Scalise said she hopes the exhibit shows young women that a scientist is not only “an old white man in a lab coat” but that there are scientists who are women and women of color.
This included Dr. Gail Kelly, one of Johns Hopkins first black female undergraduates. Kelly attended Tuesday’s ceremony and was honored with cutting the ribbon of “The Women of Hopkins” exhibit.
Fleming spoke to the crowd of students and faculty about the importance of recognizing these women in a public space. She hopes that female students can find heroines in male-dominated fields and recognize that capability is not correlated with gender.
She recalled the barriers that the early female students of JHU had to face that could have prevented their success, adding that the first woman to receive her doctorate from Hopkins, Dr.
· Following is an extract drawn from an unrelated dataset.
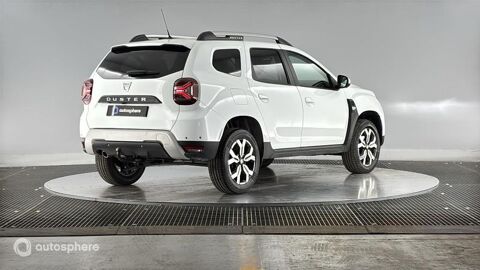 Duster 1.3 TCe 150ch FAP Prestige 4x2 E6U 2022 occasion 74100 Annemasse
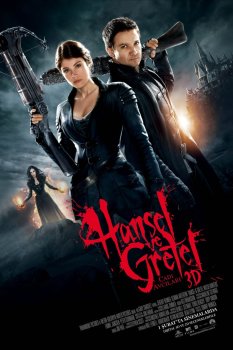 Hansel ve Gretel: Cadı Avcıları izle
Florence Bascom, was forced to sit behind a screen during her classes as to not disturb the male students.
“Heroines like the women of Hopkins expand their horizons and give them confidence to dream that they can and will someday be one of them,” Fleming said.
Female students in the crowd recognized the importance of women in science by nodding and quietly agreeing as they listened to Fleming encourage them to continue working hard and going after their dreams in the Science, Technology, Engineering and Mathematics (STEM) fields.
“It’s important that women understand that they have power and an extreme impact on the world,” said Jennifer Le Blanc, a public health graduate student. “Each [woman] represents courage and strength, and they each exemplify what we should all strive to be.”
Scalise said she hopes that with the success of the grand opening of “The Women of Hopkins,” the Diversity Leadership Council and AGEIS will be able to renew the exhibit next year with more funding from the university.
More funding will allow them to recognize more women, put up more portraits, invite the honored women back to Hopkins to speak at ceremonies and workshops, and permanently keep the exhibit at the university.